■ Work required
Retype each record exactly, please. Skip none.

■ Supplied data
+--

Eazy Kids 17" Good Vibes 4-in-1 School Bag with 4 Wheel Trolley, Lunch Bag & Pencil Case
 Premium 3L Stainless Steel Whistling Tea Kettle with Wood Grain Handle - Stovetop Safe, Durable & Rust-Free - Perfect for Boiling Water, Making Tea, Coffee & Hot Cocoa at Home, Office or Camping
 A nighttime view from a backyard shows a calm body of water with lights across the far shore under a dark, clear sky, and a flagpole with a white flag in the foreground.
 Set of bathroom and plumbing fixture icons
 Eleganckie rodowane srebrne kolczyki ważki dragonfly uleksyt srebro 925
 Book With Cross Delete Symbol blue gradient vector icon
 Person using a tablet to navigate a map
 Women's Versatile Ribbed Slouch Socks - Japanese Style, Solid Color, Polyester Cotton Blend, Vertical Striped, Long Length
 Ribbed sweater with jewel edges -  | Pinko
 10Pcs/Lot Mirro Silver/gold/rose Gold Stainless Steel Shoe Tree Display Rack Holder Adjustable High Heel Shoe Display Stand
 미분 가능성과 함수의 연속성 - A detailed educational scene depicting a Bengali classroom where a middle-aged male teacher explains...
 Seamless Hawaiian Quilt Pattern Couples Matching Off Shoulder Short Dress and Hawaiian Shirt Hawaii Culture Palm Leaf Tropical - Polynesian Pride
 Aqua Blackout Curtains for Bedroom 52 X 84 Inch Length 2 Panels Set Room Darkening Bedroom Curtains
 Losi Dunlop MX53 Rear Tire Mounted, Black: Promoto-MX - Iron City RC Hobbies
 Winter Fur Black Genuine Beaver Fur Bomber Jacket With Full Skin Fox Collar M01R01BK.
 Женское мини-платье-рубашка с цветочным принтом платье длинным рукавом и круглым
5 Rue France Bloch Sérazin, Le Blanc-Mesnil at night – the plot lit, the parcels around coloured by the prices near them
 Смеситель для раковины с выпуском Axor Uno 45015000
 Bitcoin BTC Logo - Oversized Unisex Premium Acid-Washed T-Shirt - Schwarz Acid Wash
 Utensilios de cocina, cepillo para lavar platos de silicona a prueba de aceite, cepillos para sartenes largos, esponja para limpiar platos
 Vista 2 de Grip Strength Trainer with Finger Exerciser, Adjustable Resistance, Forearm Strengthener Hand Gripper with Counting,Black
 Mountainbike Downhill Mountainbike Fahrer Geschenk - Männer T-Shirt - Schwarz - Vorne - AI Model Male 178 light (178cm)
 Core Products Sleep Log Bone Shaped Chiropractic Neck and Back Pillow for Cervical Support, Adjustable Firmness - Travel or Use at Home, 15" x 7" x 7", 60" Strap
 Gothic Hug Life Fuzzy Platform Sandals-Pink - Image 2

+--

■ Exercise result
Eazy Kids 17" Good Vibes 4-in-1 School Bag with 4 Wheel Trolley, Lunch Bag & Pencil Case
 Premium 3L Stainless Steel Whistling Tea Kettle with Wood Grain Handle - Stovetop Safe, Durable & Rust-Free - Perfect for Boiling Water, Making Tea, Coffee & Hot Cocoa at Home, Office or Camping
 A nighttime view from a backyard shows a calm body of water with lights across the far shore under a dark, clear sky, and a flagpole with a white flag in the foreground.
 Set of bathroom and plumbing fixture icons
 Eleganckie rodowane srebrne kolczyki ważki dragonfly uleksyt srebro 925
 Book With Cross Delete Symbol blue gradient vector icon
 Person using a tablet to navigate a map
 Women's Versatile Ribbed Slouch Socks - Japanese Style, Solid Color, Polyester Cotton Blend, Vertical Striped, Long Length
 Ribbed sweater with jewel edges -  | Pinko
 10Pcs/Lot Mirro Silver/gold/rose Gold Stainless Steel Shoe Tree Display Rack Holder Adjustable High Heel Shoe Display Stand
 미분 가능성과 함수의 연속성 - A detailed educational scene depicting a Bengali classroom where a middle-aged male teacher explains...
 Seamless Hawaiian Quilt Pattern Couples Matching Off Shoulder Short Dress and Hawaiian Shirt Hawaii Culture Palm Leaf Tropical - Polynesian Pride
 Aqua Blackout Curtains for Bedroom 52 X 84 Inch Length 2 Panels Set Room Darkening Bedroom Curtains
 Losi Dunlop MX53 Rear Tire Mounted, Black: Promoto-MX - Iron City RC Hobbies
 Winter Fur Black Genuine Beaver Fur Bomber Jacket With Full Skin Fox Collar M01R01BK.
 Женское мини-платье-рубашка с цветочным принтом платье длинным рукавом и круглым
5 Rue France Bloch Sérazin, Le Blanc-Mesnil at night – the plot lit, the parcels around coloured by the prices near them
 Смеситель для раковины с выпуском Axor Uno 45015000
 Bitcoin BTC Logo - Oversized Unisex Premium Acid-Washed T-Shirt - Schwarz Acid Wash
 Utensilios de cocina, cepillo para lavar platos de silicona a prueba de aceite, cepillos para sartenes largos, esponja para limpiar platos
 Vista 2 de Grip Strength Trainer with Finger Exerciser, Adjustable Resistance, Forearm Strengthener Hand Gripper with Counting,Black
 Mountainbike Downhill Mountainbike Fahrer Geschenk - Männer T-Shirt - Schwarz - Vorne - AI Model Male 178 light (178cm)
 Core Products Sleep Log Bone Shaped Chiropractic Neck and Back Pillow for Cervical Support, Adjustable Firmness - Travel or Use at Home, 15" x 7" x 7", 60" Strap
 Gothic Hug Life Fuzzy Platform Sandals-Pink - Image 2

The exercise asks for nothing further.